5. We have carefully considered the submissions made at length by both sides and perused the records. It is seen that various benches of the Tribunal in the cases, as indicated by the learned counsel, have held as follows:-
||Sri Sastha Agencies (P) Ltd. Vs. CCE – 2007 (6) STR 185 (Tri.-Bang.)]
||Elements required for adding to Service tax is restricted to amounts received by assessee for carrying on services of C&F only – Other elements like loading, unloading charges not to be added to Service tax.
||Bhagyanagar Services Vs. CCE – 2006 (4) STR 22 (Tri.-Bang.)]
||Separate contract exist for providing transport of goods at different places – Transportation charges collected thereof not includible in Service tax paid by C&F agent.
||Sangamithra Services Agency Vs. CCE – 2007 (8) STR 233 (Tri.-Chennai).
||Service tax is not payable on reimbursement of actual expenses like freight, labour, electricity, telephone, etc.
||CCE & C, BBSR-I Vs M/s Nilalohita Enterprises (Tri.-Kolkata)
||Reimbursements – Includibility in taxable value – No clear cut case brought out by Revenue for considering inclusion of reimbursements in taxable value – Prima facie no case in favour of Revenue – Stay of impugned order as sought by Revenue not granted.
[ This case was finally decided in.] – editor
6. As against the above said ratio, we find that the coordinate bench of Kolkata in the case of M/s. Naresh Kumar & Co Pvt. Ltd. (supra) has held in paragraph 6.9 and 6.10 as under:-
” 6.9 So far as the second issue of claim of deductions from the gross value of taxable service is concerned, modality of valuation of taxable service is provided by Section 67 of the Act. Value of taxable service is basis or measure of levy and rate of tax is applied thereto in terms of Section 66 of the Act to arrive at tax payable. Determination of value of taxable service is guided by Service Tax (Determination of Value) Rules, 2006, which of course have come into force w.e.f. 19-4-2006. Rule 5 thereof provides inclusion or exclusion of certain expenditure or cost incurred by service provider to determine value of taxable services.

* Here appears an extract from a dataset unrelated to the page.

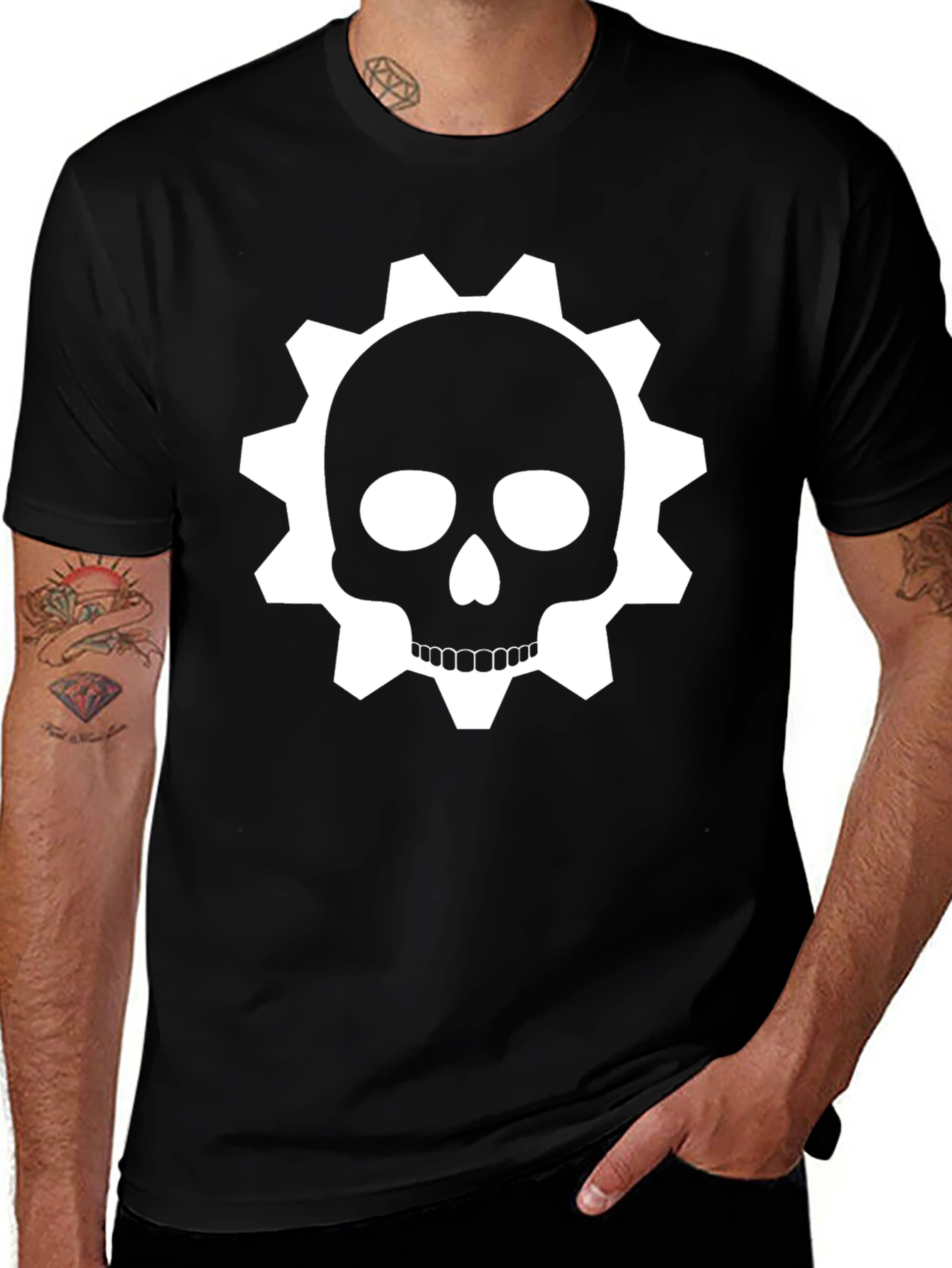 Gear Skull Graphic T-Shirt - Black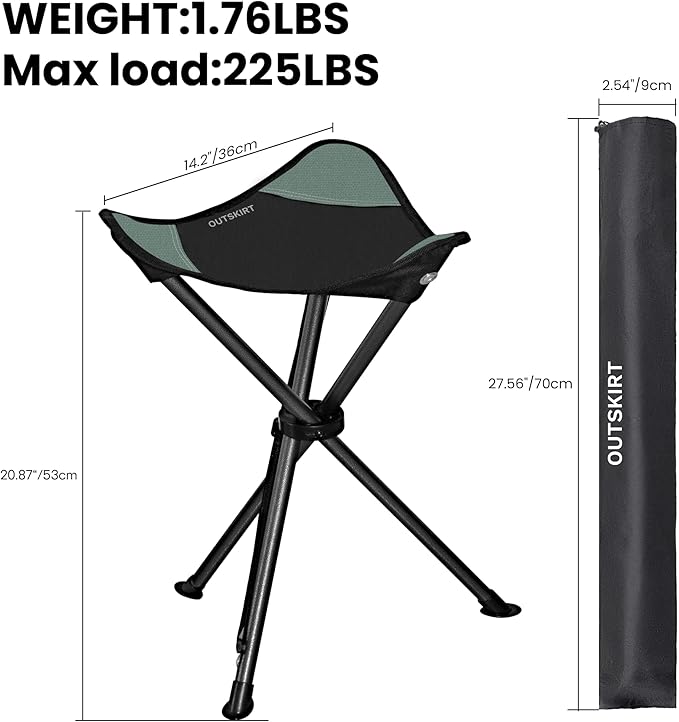OUTSKIRT Camping Folding Tripod Stools Portable Camping Stools 2 Pack Extra Tall for Adults High Lightweight Camping Stool Tripod Chairs for Fishing Hiking Backpacking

The Appellant had received consideration from two service recipients i.e. TISCO and TRL and its claim is that consignment agent services provided by it fetched an amount of Rs. 49,27,918/- andRs. 48,396/- and that shall not be taxable is baseless for the reasons stated above as well as on the touch stone of statutory provisions bringing the Appellant to the fold of law as “clearing and forwarding agent”. Those two receipts undoubtedly shall constitute value of taxable service for the services provided to TISCO and TRL. Of course that may be related to different period of time and taxability thereof is subject to limitation, if any.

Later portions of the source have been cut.